Provided material >>
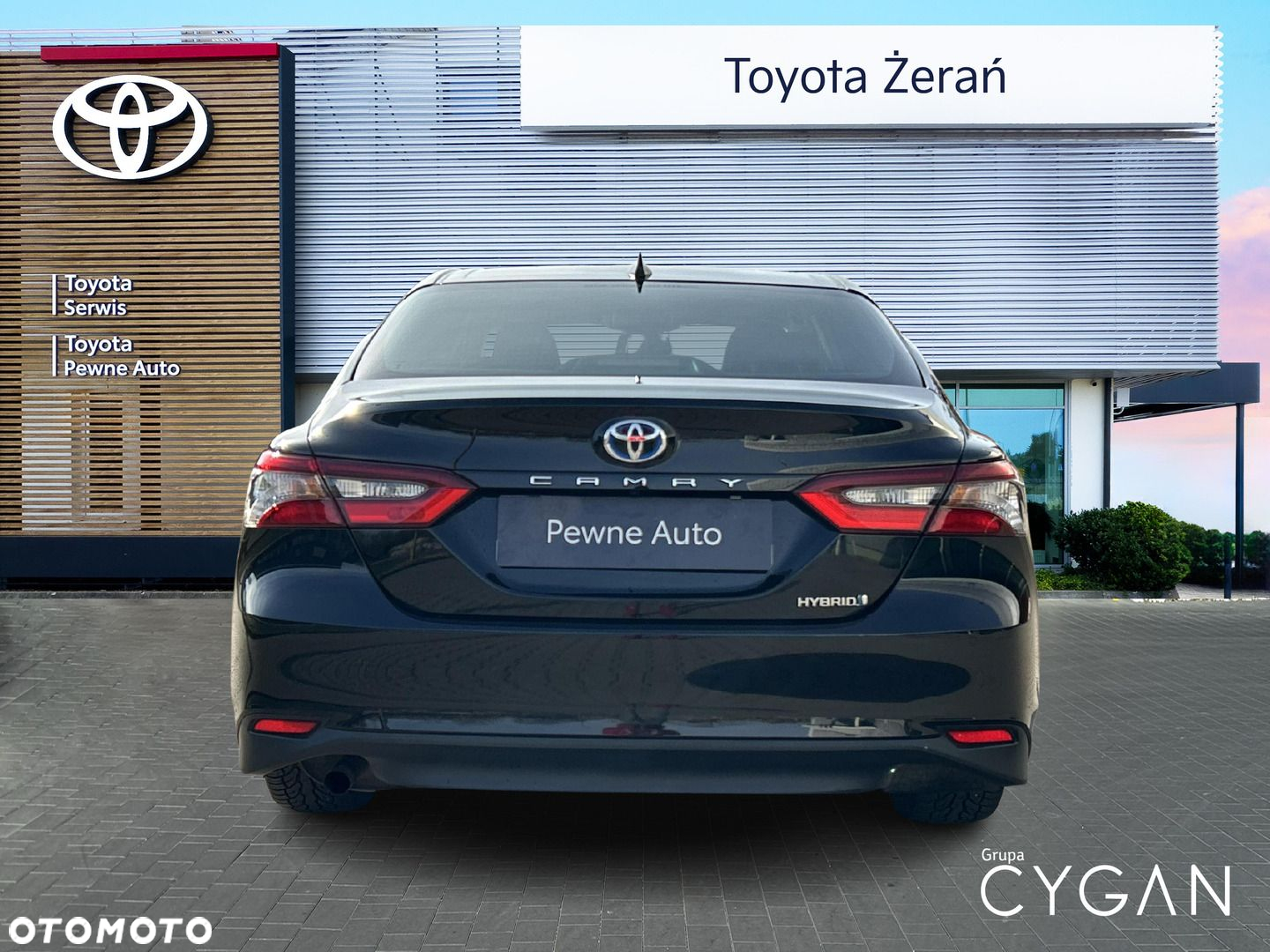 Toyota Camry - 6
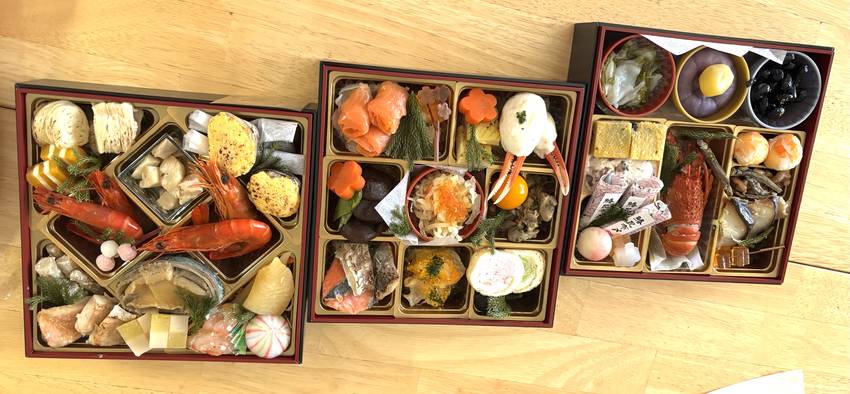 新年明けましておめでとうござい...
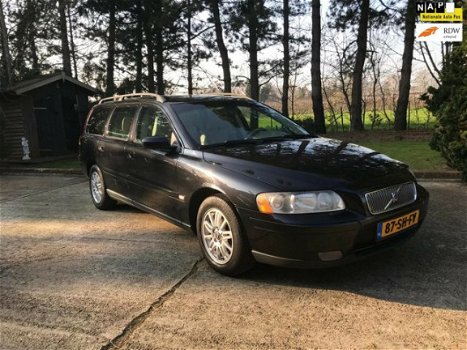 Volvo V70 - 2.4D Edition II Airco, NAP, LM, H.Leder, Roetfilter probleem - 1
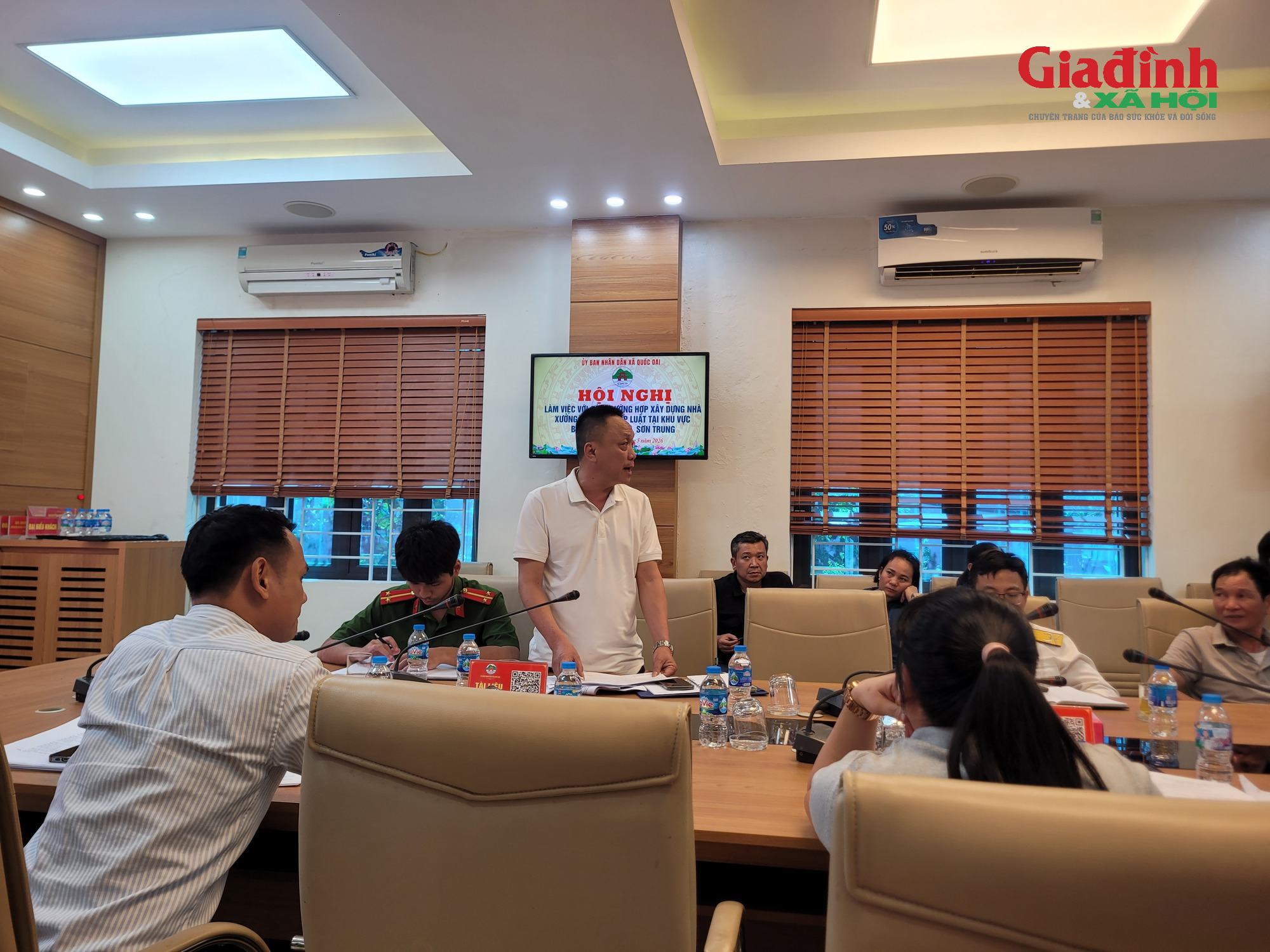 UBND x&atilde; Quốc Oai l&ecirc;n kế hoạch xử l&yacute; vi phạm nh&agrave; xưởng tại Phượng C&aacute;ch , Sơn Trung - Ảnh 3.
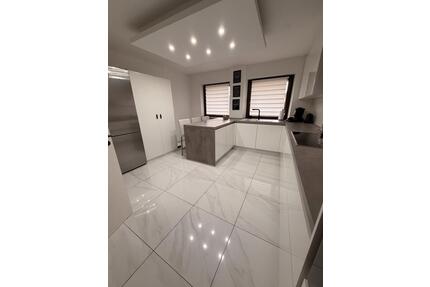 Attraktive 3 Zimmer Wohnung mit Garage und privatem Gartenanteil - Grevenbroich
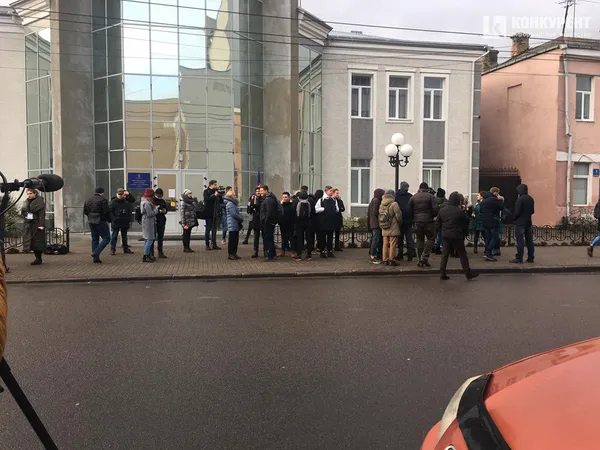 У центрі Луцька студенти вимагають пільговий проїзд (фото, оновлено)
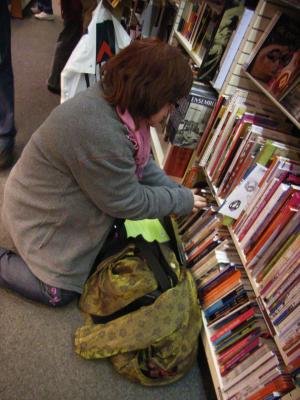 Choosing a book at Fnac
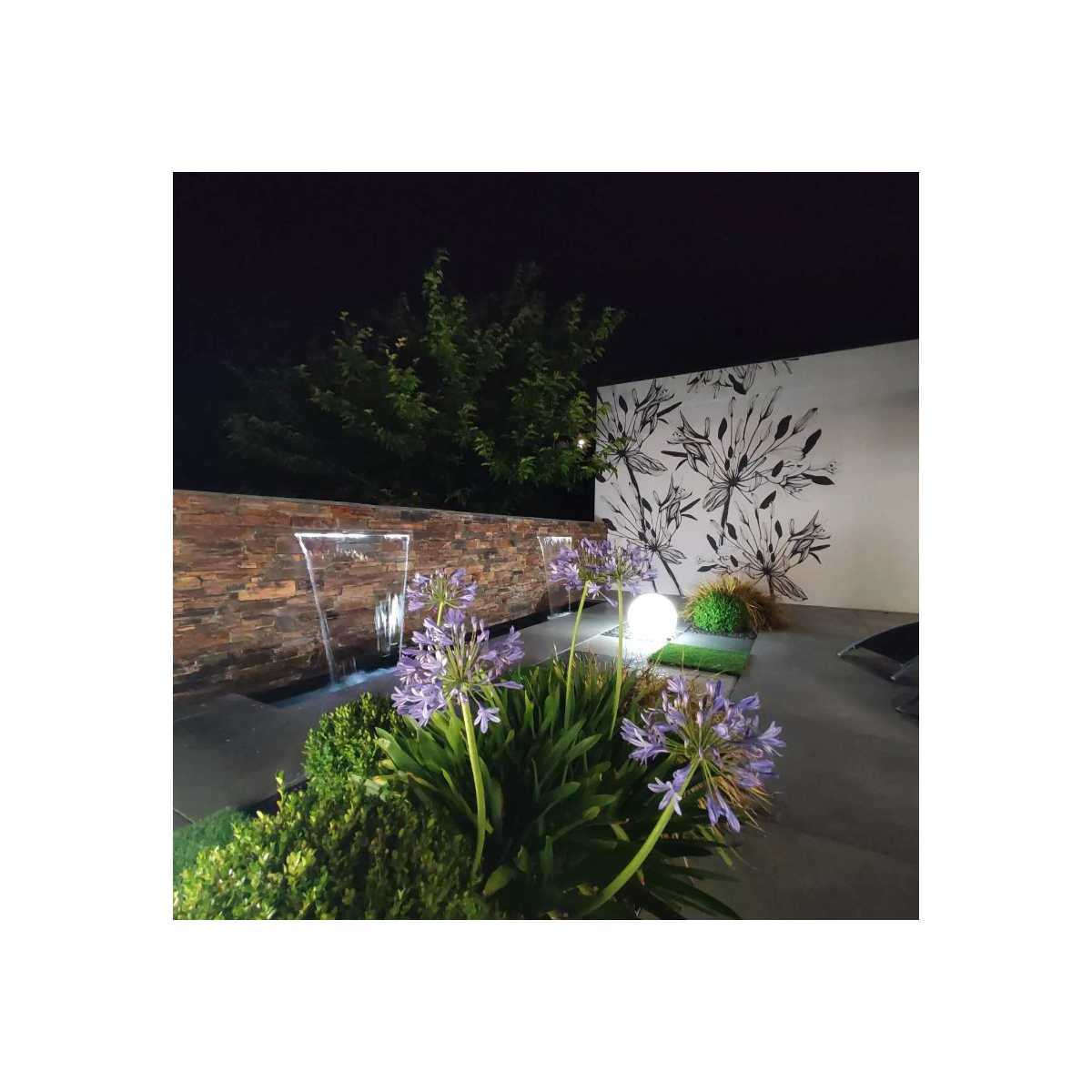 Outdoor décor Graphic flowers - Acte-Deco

Task goal >> Locate "У центрі Луцька" in the entries above. Copy, exactly and only, the lines from that line to the end, leaving out the pictures.

Task solution >>
 У центрі Луцька студенти вимагають пільговий проїзд (фото, оновлено)
 Choosing a book at Fnac
 Outdoor décor Graphic flowers - Acte-Deco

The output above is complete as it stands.